Three incidents at Armenian church, school in San Francisco now considered hate crimes
A recent fire at an Armenian church is now one of three incidents levied against San Francisco’s Armenian community over the past two months that police are investigating as hate crimes, San Francisco Chronicle reports.
The San Francisco Police Department’s Arson Task Force is investigating the fire that burned the parish office adjacent to the St. Gregory Armenian Apostolic Church in Laurel Heights on Sept. 17 as a hate crime.
The other two incidents are tied to the KZV Armenian School in the Parkmerced neighborhood.
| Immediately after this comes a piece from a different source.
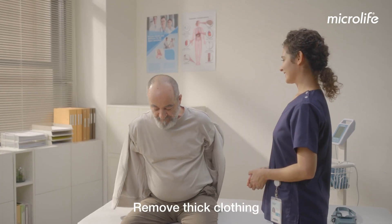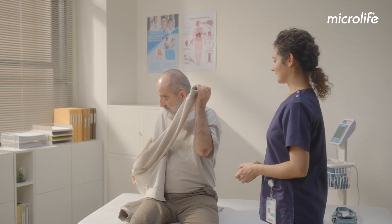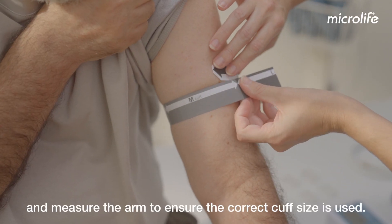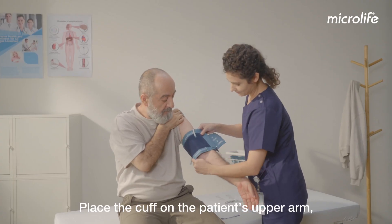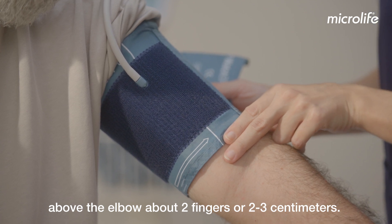Remove thick clothing and measure the arm to ensure the correct cuff size is used. Place the cuff on the patient's upper arm, above the elbow, about two fingers or 2-3 cm.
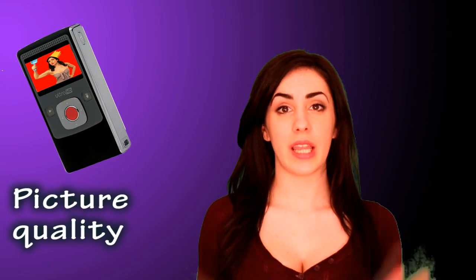Most importantly, the picture quality. In good light this camera is amazing. I filmed these flowers today and as you can see the colours are really bright, crisp and clear. When the lighting is lower it's quite grainy and there's a kind of sepia tone to all the colours. The biggest negative I could find is that it doesn't have a macro setting, which means anything up close is really out of focus and fuzzy.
On Sept. 19, two days after the fire, police officers heard gunshots outside the school and discovered bullet damage on a sign out front. The school was previously vandalized with hateful graffiti in July.
The series of what appears to be anti-Armenian crimes has been deeply troubling to the Bay Area’s tight-knit Armenian community.
Public officials including Gov. Gavin Newsom, Speaker Nancy Pelosi, Rep. Adam Schiff, D-Burbank, and Rep. Jackie Speier, D-San Mateo, who is of Armenian descent herself, have condemned the violence against the community in recent days.
San Francisco District Attorney Chesa Boudin called the incident “an outrage” and an act of “cowardly, hateful, criminal conduct.”
The fire last week destroyed Sunday school classrooms, a library, meeting rooms and church offices as flames tore through the building before dawn. No one was injured, but the fire incinerated baptism, marriage and other historical records that community members called irreplaceable.
Police have not taken into custody any suspects in relation to the suspected arson or the two incidents at the KZV Armenian School, SFPD Spokesman Robert Rueca said Wednesday. The department has stepped up security at around the city, performing nighttime patrols at Armenian churches, the school and the Armenian genocide memorial cross at Mt. Davidson Park.
The Armenian Cultural Foundation is offering a $25,000 reward to anyone with information that leads to an arrest and conviction of those involved in the incidents, said foundation board member Abraham Panossian.